Por Marcelo Paredes CRÍTICA / APPLE TV

Día y noche. Eso era algo en lo que no dejaba de pensar mientras veía la película, la cual se basa enteramente en esa dualidad a la que el protagonista, producto de su curiosidad, se enfrenta. Desde la claridad de un bello cielo despejado que cubre un pueblo idílico, hasta las profundidades de la tierra donde los insectos habitan en la oscuridad. Así es como inicia la película, y así es como David Lynch entrega lo que podría ser el momento en que encontró definitivamente su estilo como cineasta. Porque, mientras que en su ópera prima le dio rienda suelta a su imaginación, y en sus dos obras posteriores forjó su oficio bajo la sombra de los estudios, fue aquí donde, con ambos mundos explorados, supo direccionar a la perfección sus preocupaciones autorales y darles la forma requerida.
Y es que es a través de Jeffrey que Lynch busca adentrarse en la verdadera cara que la sociedad que lo rodea tiene. Sí, por fuera tenemos esos lugares y personas sacadas de un comercial, como si se tratara de vender un estilo de vida, aprovechándose de la claridad del día para ofrecer una falsa idea de bienestar, la cual, si en Cabeza borradora (Eraserhead, 1977) la veíamos tal y como realmente era, aquí busca ocultarse en la oscuridad, que es cuando recién sale y hace toda clase de maldades que la ausencia de luz permite. Es cuando cae la noche que el protagonista descubre al mundo tal cual es: violento, lujurioso y con seres tan carentes de humanidad que son la materialización perfecta de una pesadilla.

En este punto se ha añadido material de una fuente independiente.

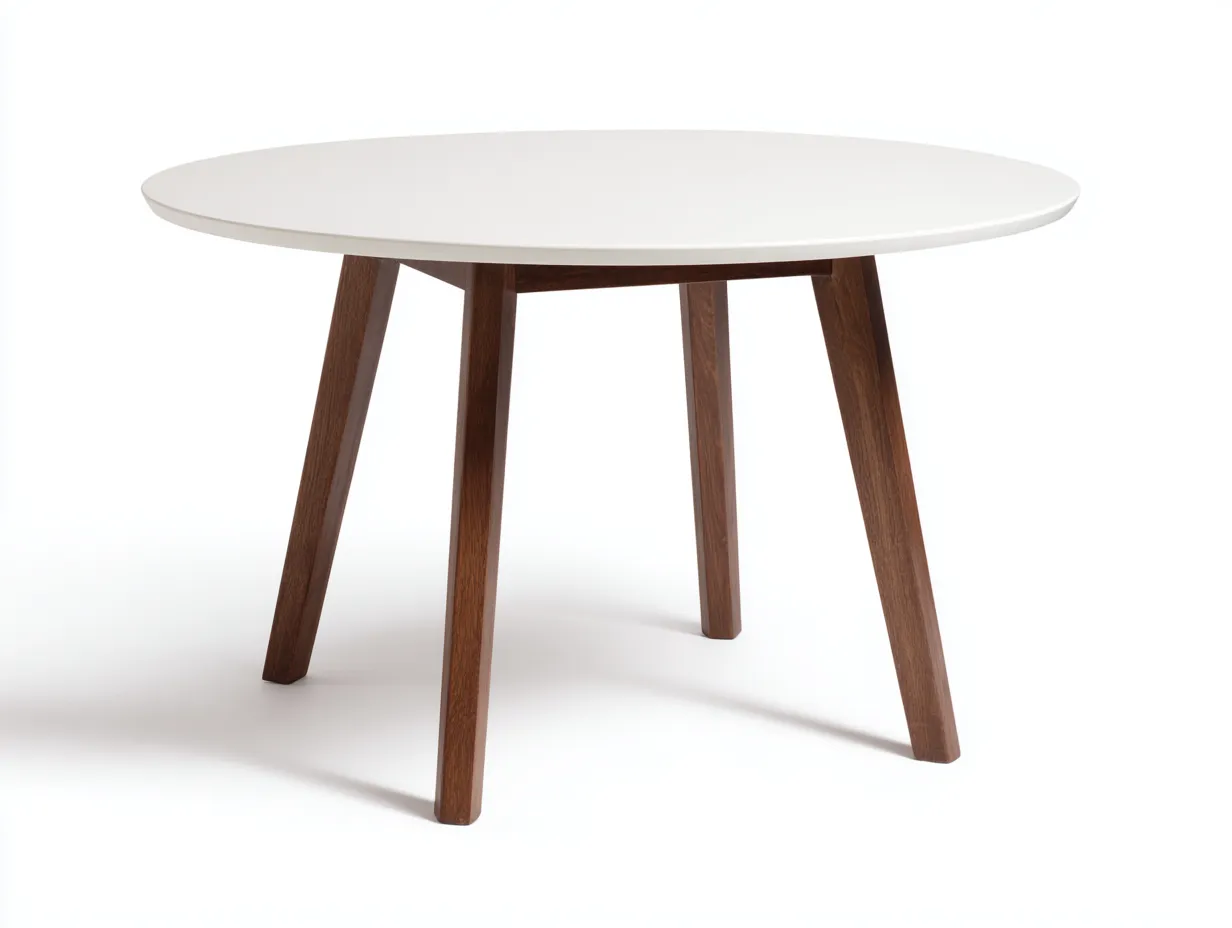 Mesa de comedor 120x120x75 cm - tablero blanco y madera nogal - para comedor - diseño redondo contemporáneo-Nileniostudio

Claro que, lamentablemente, estos tampoco dejan de ser personas. Aunque Lynch haga el mayor esfuerzo por despojarlos de su humanidad, es inevitable pensar que también están presentes cuando todo parece tranquilo. ¿De qué otro modo, si no, logran arrastrar hacia su mundo de oscuridad a alguien como Dorothy? Ahí está lo fascinante del filme: por más que Lynch marque con claridad la diferencia entre sueño y pesadilla mediante el día y la noche, también comprende que quienes se mueven por esos mundos no pueden ser figuras de pura maldad o pura bondad. Al fin y al cabo, todos forman parte del mismo mundo.
No por nada, mientras la noche da origen a seres de la más baja calaña como Frank Booth, la encarnación perfecta de los vicios que otorga el poder, también da lugar a alguien como Sandy, cuya primera aparición, emergiendo de entre la oscuridad de los árboles, es simplemente perfecta. Ella será la aliada incondicional de Jeffrey en su recorrido por los misterios nocturnos, y al mismo tiempo, su conexión con el día y esa vida soñada, llena de flores, aves y un supuesto entorno amoroso. Sin embargo, aunque en el cierre puede parecer que ese sueño se cumple, es inevitable sentir algo inquietante.
Creo que, a modo de conclusión, lo que hace que Terciopelo Azul (Blue Velvet) sea una obra maestra es precisamente esto. La película nos muestra un mundo donde, aunque todo parece salir acorde al plan y hay un aparente orden, esa dualidad entre el caos y el mal revela que la perfección es solo una máscara para un lado oscuro que persiste en las sombras, incluso cuando lo ignoremos. La curiosidad de Jeffrey, como la de cualquier cinéfilo sediento de nuevas experiencias, es solo un aprendizaje más, saliendo por un momento del letargo que ofrece la idealización americana para probar una realidad mucho más compleja. Y, aunque por esa vez salió airoso, el extraño mundo en el que vivimos podría cobrar su revancha cuando menos lo espere.